At first it was a great relief. But after about three weeks our relationship began to deteriorate. I didn’t see it at the time, but now I realize that my jobless status was the same as having no status. Having no status had the effect of eroding my image in Kumiko’s heart. I don’t think she said to herself, “He’s a nobody now. Not young. Not wealthy. He was stupid to sell his business. What happens when the money runs out? What happens if the new owners fail to pay his royalty on Japan sales or Japan sales themselves dry up? And he is still legally married. I’m losing interest.” But something like that was no doubt at play, if only beneath the surface.

I had inherited my position, took it for granted, saw it mainly as a burden to bear or as an obstacle between me and “what I really wanted to do”, and did not appreciate its true value. I suspect some people gave me good advice during that period, cautioned me, but I can’t remember a word of it, so dense were the clouds of delusion.

In Nishiogikubo the sex began deviating from the previous norm. Either it was lazy, less intense, or we went to extra effort to create tension and excitement. It was no longer rolling entirely on its own volition. But this too was not clear at the time. Instead, the focal point— like a war-mongering government creates and embellishes an enemy that is only lightly based in reality— was my divorce. “If only I were legally divorced, things would be better,” the refrain ran.

But actually certain key conditions, taken for granted and not clearly acknowledged, that supported the existence of our love affair were disappearing. Just as a fire without fuel does not persist, or lacking air goes out, or meeting water is extinguished, so our love affair without the business was flickering, threatening to die. But I did not recognize this. Instead I imagined I was freer than before when in some ways the opposite was true.

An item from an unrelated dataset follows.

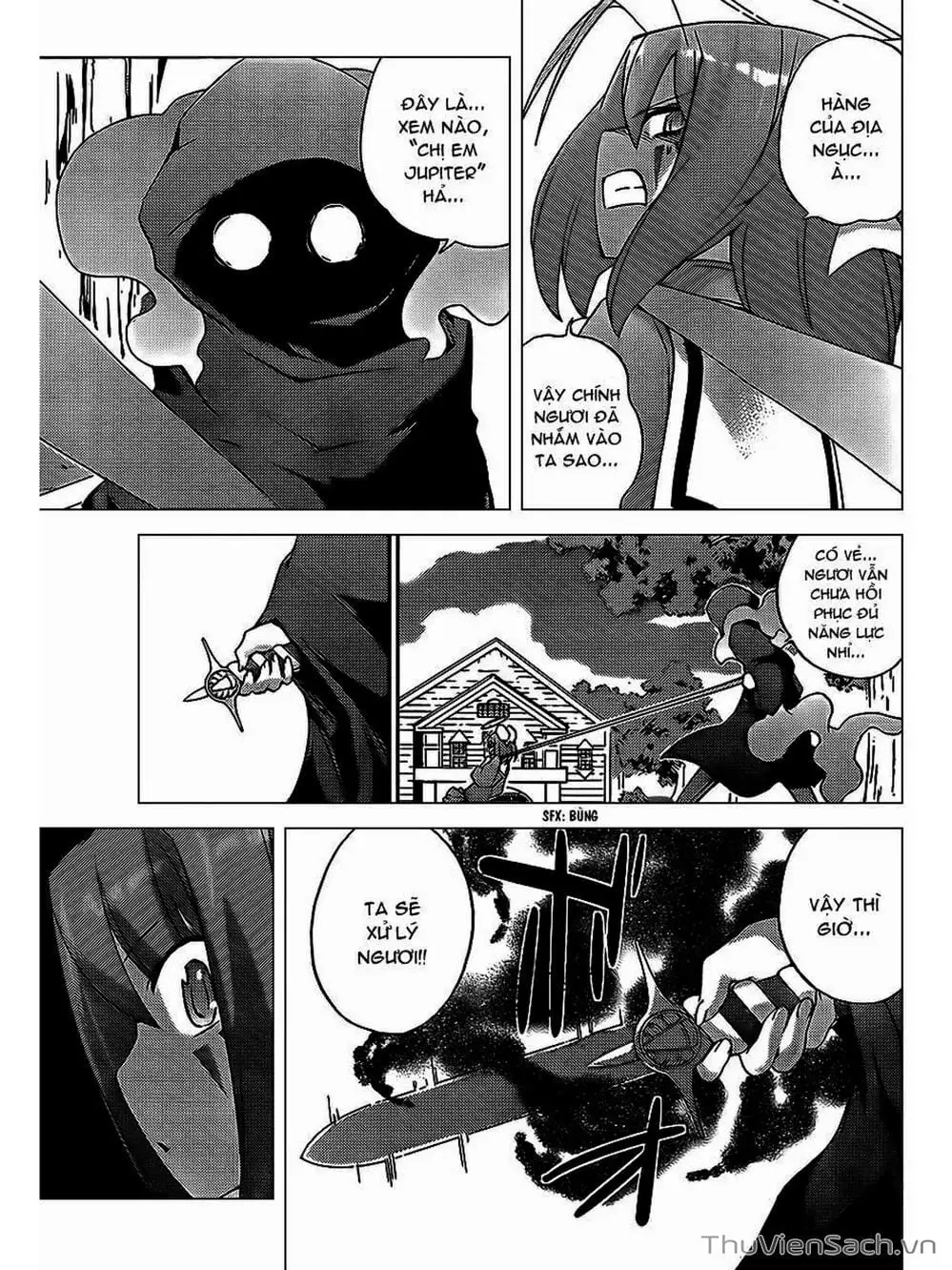 Truyện Tranh Thế Giới Chỉ Có Thánh Thần Biết - The World God Only Knows trang 7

In Tokyo at age 45, for example, I was distinctly less free.

The problem was that, after the much-needed three weeks’ rest, the I that Kumiko had fallen in love with had left the stage, but for me, the I I loved and wanted to promote had just entered the drama. Without the concrete problems of business to focus on, we looked around and found things that resembled problems and then elaborated on these pseudo problems, my divorce being the prime example. We thereby condemed our love affair to its eventual demise.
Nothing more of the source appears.